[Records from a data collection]
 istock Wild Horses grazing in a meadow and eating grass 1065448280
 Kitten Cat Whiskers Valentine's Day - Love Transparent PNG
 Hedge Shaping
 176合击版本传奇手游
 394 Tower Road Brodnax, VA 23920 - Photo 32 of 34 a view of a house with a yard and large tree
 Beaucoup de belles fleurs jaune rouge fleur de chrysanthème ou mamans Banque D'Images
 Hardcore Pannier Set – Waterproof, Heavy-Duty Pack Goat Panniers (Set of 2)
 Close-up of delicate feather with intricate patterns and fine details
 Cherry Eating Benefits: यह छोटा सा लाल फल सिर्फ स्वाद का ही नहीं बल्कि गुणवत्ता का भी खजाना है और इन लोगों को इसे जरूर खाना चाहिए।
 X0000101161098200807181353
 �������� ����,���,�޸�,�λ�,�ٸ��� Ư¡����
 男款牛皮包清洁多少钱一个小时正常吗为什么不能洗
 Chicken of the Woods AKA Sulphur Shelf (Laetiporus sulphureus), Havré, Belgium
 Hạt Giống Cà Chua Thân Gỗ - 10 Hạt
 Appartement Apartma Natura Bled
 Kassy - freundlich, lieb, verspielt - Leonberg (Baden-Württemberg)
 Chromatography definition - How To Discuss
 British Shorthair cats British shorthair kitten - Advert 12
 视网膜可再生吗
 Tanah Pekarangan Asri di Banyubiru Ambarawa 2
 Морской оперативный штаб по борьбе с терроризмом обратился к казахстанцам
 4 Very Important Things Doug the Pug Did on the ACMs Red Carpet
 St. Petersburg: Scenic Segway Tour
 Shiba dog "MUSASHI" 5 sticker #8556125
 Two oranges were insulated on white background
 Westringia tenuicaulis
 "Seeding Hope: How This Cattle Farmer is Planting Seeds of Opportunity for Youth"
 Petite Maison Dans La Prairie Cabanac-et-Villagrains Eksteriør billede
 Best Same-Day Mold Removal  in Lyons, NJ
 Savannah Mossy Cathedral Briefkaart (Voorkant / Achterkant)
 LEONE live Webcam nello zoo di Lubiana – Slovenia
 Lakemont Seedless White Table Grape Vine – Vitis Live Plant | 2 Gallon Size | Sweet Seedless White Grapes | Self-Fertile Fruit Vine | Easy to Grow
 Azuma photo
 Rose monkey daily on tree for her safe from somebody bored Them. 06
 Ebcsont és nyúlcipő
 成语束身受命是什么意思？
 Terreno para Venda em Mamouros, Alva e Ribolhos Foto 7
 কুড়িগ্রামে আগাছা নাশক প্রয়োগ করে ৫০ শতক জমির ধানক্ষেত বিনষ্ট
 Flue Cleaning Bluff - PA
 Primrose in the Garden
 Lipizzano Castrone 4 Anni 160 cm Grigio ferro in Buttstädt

Exercise goal:
Each entry above must be repeated word for word.

Answer for the task:
 istock Wild Horses grazing in a meadow and eating grass 1065448280
 Kitten Cat Whiskers Valentine's Day - Love Transparent PNG
 Hedge Shaping
 176合击版本传奇手游
 394 Tower Road Brodnax, VA 23920 - Photo 32 of 34 a view of a house with a yard and large tree
 Beaucoup de belles fleurs jaune rouge fleur de chrysanthème ou mamans Banque D'Images
 Hardcore Pannier Set – Waterproof, Heavy-Duty Pack Goat Panniers (Set of 2)
 Close-up of delicate feather with intricate patterns and fine details
 Cherry Eating Benefits: यह छोटा सा लाल फल सिर्फ स्वाद का ही नहीं बल्कि गुणवत्ता का भी खजाना है और इन लोगों को इसे जरूर खाना चाहिए।
 X0000101161098200807181353
 �������� ����,���,�޸�,�λ�,�ٸ��� Ư¡����
 男款牛皮包清洁多少钱一个小时正常吗为什么不能洗
 Chicken of the Woods AKA Sulphur Shelf (Laetiporus sulphureus), Havré, Belgium
 Hạt Giống Cà Chua Thân Gỗ - 10 Hạt
 Appartement Apartma Natura Bled
 Kassy - freundlich, lieb, verspielt - Leonberg (Baden-Württemberg)
 Chromatography definition - How To Discuss
 British Shorthair cats British shorthair kitten - Advert 12
 视网膜可再生吗
 Tanah Pekarangan Asri di Banyubiru Ambarawa 2
 Морской оперативный штаб по борьбе с терроризмом обратился к казахстанцам
 4 Very Important Things Doug the Pug Did on the ACMs Red Carpet
 St. Petersburg: Scenic Segway Tour
 Shiba dog "MUSASHI" 5 sticker #8556125
 Two oranges were insulated on white background
 Westringia tenuicaulis
 "Seeding Hope: How This Cattle Farmer is Planting Seeds of Opportunity for Youth"
 Petite Maison Dans La Prairie Cabanac-et-Villagrains Eksteriør billede
 Best Same-Day Mold Removal  in Lyons, NJ
 Savannah Mossy Cathedral Briefkaart (Voorkant / Achterkant)
 LEONE live Webcam nello zoo di Lubiana – Slovenia
 Lakemont Seedless White Table Grape Vine – Vitis Live Plant | 2 Gallon Size | Sweet Seedless White Grapes | Self-Fertile Fruit Vine | Easy to Grow
 Azuma photo
 Rose monkey daily on tree for her safe from somebody bored Them. 06
 Ebcsont és nyúlcipő
 成语束身受命是什么意思？
 Terreno para Venda em Mamouros, Alva e Ribolhos Foto 7
 কুড়িগ্রামে আগাছা নাশক প্রয়োগ করে ৫০ শতক জমির ধানক্ষেত বিনষ্ট
 Flue Cleaning Bluff - PA
 Primrose in the Garden
 Lipizzano Castrone 4 Anni 160 cm Grigio ferro in Buttstädt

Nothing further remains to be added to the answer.